Grosvenor’s performance of this movement differed from the famous Géza Anda recording featured on the film soundtrack, in that it was far less inward, far less a search for the music’s presumed inner meaning. Instead it was a pleasantly played interlude, tastefully ornamented at some points. In line with the rest of his performance, Grosvenor gave a lively, uncomplicated and agreeable account of the concerto’s finale. His encore performance of Rachmaninov’s ‘Lilacs’ Op.21 No.5 was delightfully warm and poetic.
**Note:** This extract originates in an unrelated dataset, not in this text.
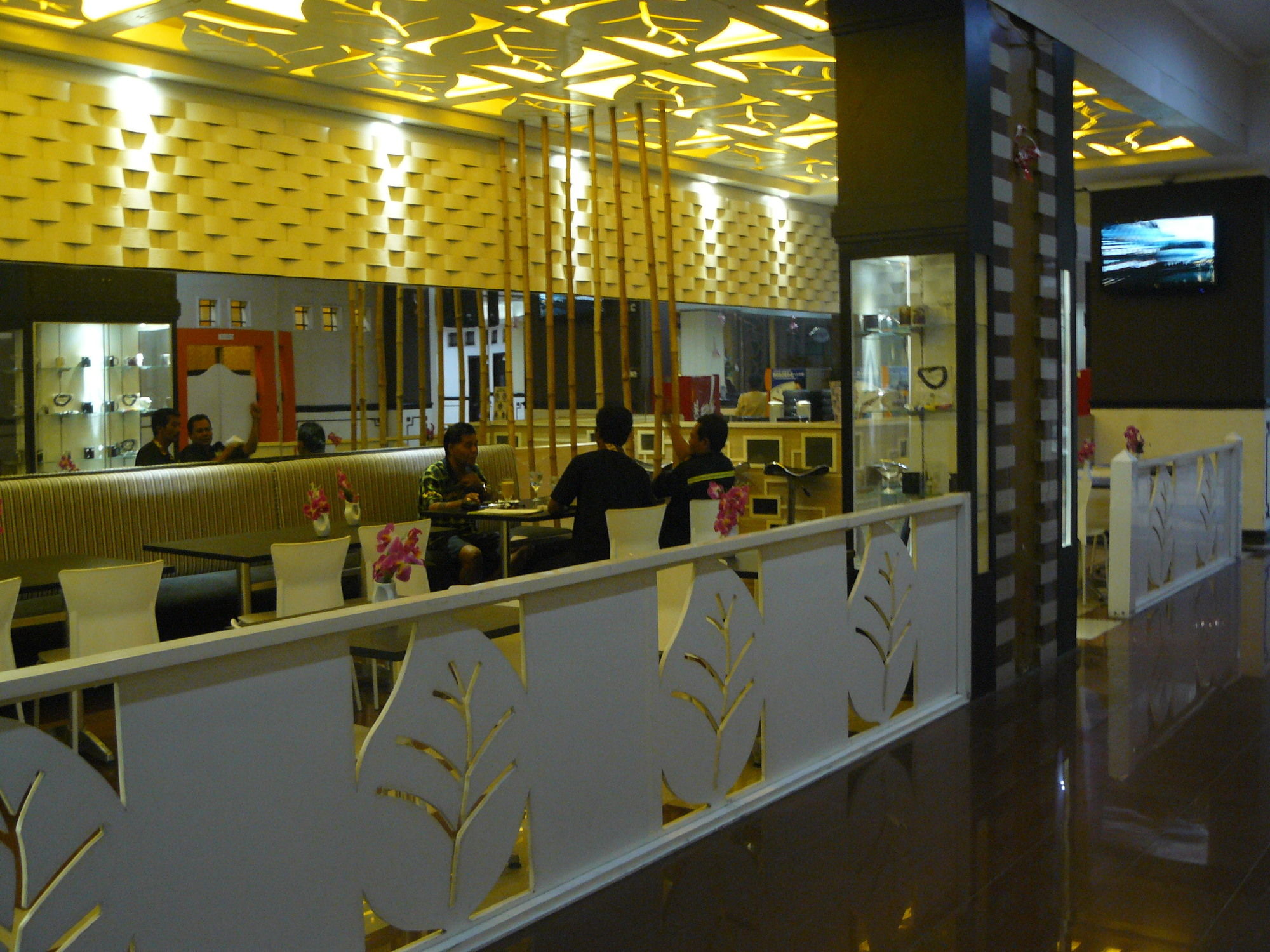 Фото Hotel Oval Surabaya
Some admirers of Bruckner’s symphonies find the Fifth Symphony to be singularly problematic. It certainly seems a work that is very different from all the other mature symphonies, denser in construction, more apparently episodic and rather lacking in the long-limbed melodic lines often to be found elsewhere in the composer’s symphonic output. What it does seem to need is a strong hand at the tiller, a controller who has the ability to see the long picture and bring together material that seems to be somewhat disparate, though of course Bruckner generally likes to use contrast as a means of heightening tension and expression.
At once Sakari Oramo seemed to be aware of what was needed. The mysterious, quiet, slow opening of the work was cleverly unfolded, and when the full orchestra soon burst forth it did so in a magnificently sonorous but disciplined fashion. And as the movement proceeded Oramo showed great skill in pacing the different elements of the music in a fashion that drew them together satisfactorily. Not least he showed that he is a master of those moments when Bruckner demands a pause: his timing of those brief lengths of silence was just right.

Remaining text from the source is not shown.